Greenwald grew up on 168th Street in Manhattan. His accent has been tempered by his years in Los Angeles, but he carries the aura of a pugilist bobbing beneath a veneer of calm. Hands stuffed in pockets, glasses perched like tiny headlights on his bald pate, he roamed his offices in sneakers, glimpsing raw video, checking on donations.
He directs all the company’s films, measuring their success in part by how often they’re watched and forwarded and by their rank on Google’s search pages. He has a keen sense of timing, theatrics and socially attuned special interest groups. He attended the High School of Performing Arts in Manhattan and has directed plays. His uncle Michael Kidd was a Tony Award-winning choreographer for Broadway shows including “Guys and Dolls.”

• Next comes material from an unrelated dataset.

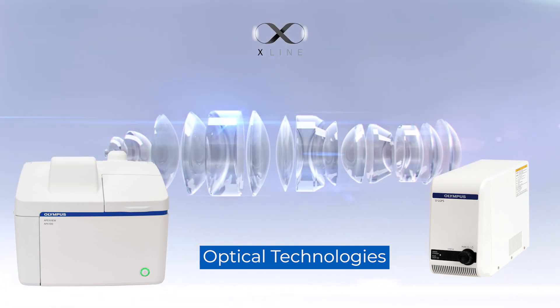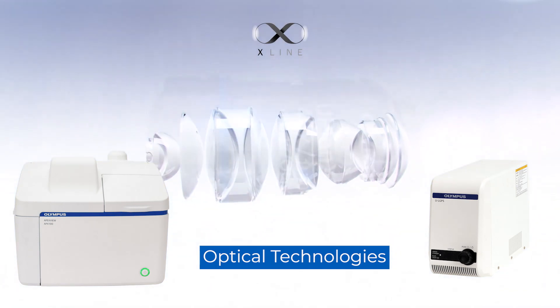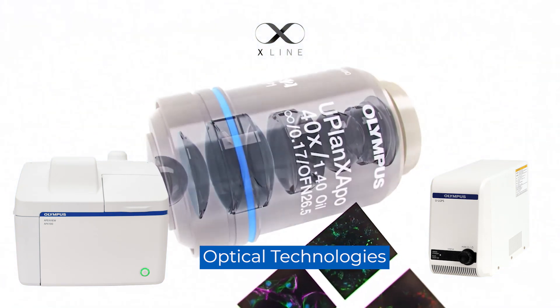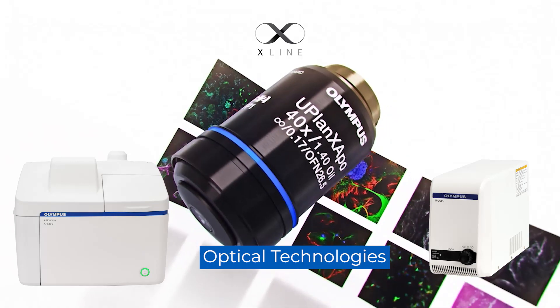The APX100 microscope uses our renowned optical technology, including high-performance X-line objectives, so you can be confident in the quality of your images.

Greenwald’s feature and TV films, including “Steal This Movie,” an Abbie Hoffman biopic, and “How to Murder a Millionaire,” were hardly classics. His fascination with documentaries was born in 2001 when he helped friends produce a film on voting irregularities that clouded the election of President George W. Bush. That was followed by “Uncovered: The War on Iraq,” which documented the Bush administration’s misleading the U.S. into a war that cost an estimated $2 trillion and damaged America’s international stature.
“People kept coming up to me and thanking me,” he said, recalling the line that stretched around the block at the premiere in Santa Monica. “In my previous life, people had liked the films or hated the films and everything in-between. But the notion to be thanked for doing a film, and that it was impacting people in this way, was heroin.... That is when I said this (documentaries) is what I want to do.”
He laughed: “You don’t have stars to get out of the motor home. You don’t have hair and makeup,” he said. “We don’t have a budget, so we can’t buy our way into awareness.” He later added: “We don’t get to certain people, but that’s more about distribution than tone.... I’m a neurotic Jew from New York. I could do five hours on where we’ve failed.”
Making movies with Greenwald “is exciting,” said Caty Borum Chattoo, a documentary filmmaker and a producer on his 2005 “Walmart: The High Price of Low Cost.” “It feels as if you’re advocating. A lot of filmmakers have picked up on this model. ... It’s about luck, opportunity and picking up on the social zeitgeist.”
“Koch Brothers Exposed” called Charles and David Koch, whose interests include oil, chemical and wood processing corporations, the “poster boys” for the 1 percent of wealthiest Americans. It portrayed the brothers’ conservatism and political contributions as threats to voting rights, public schools and environmental regulations.
“Robert Greenwald continues to be dishonest about Koch,” Mark Holden, general counsel, Koch Industries Inc., posted on the corporation’s website. He accused Greenwald and his team of “harassing behavior” and said the producer’s video attacks are “outright smears” that consist “of the derivative rehashing of distortions and fabrications made by far-left bloggers.”
The director is in constant search of injustices. To coincide with the release of his drone film last year, he arranged for visas for a Pakistani village family to travel to the U.S. and testify before Congress — only a handful of lawmakers attended — about the missile that killed their grandmother.
“I no longer love blue skies,” Zubair Rehman, 13, who was picking okra with his grandmother on the day she died, testified through an interpreter. “In fact, I prefer gray skies. The drones cannot fly when the skies are gray.”
“The thing that keeps me sleepless many nights is the sense of responsibility,” said Greenwald, who plans to show the film on 150 college campuses this year. “It’s literally people’s lives ... and people are investing their beliefs in your ability to tell a story that will make a difference.”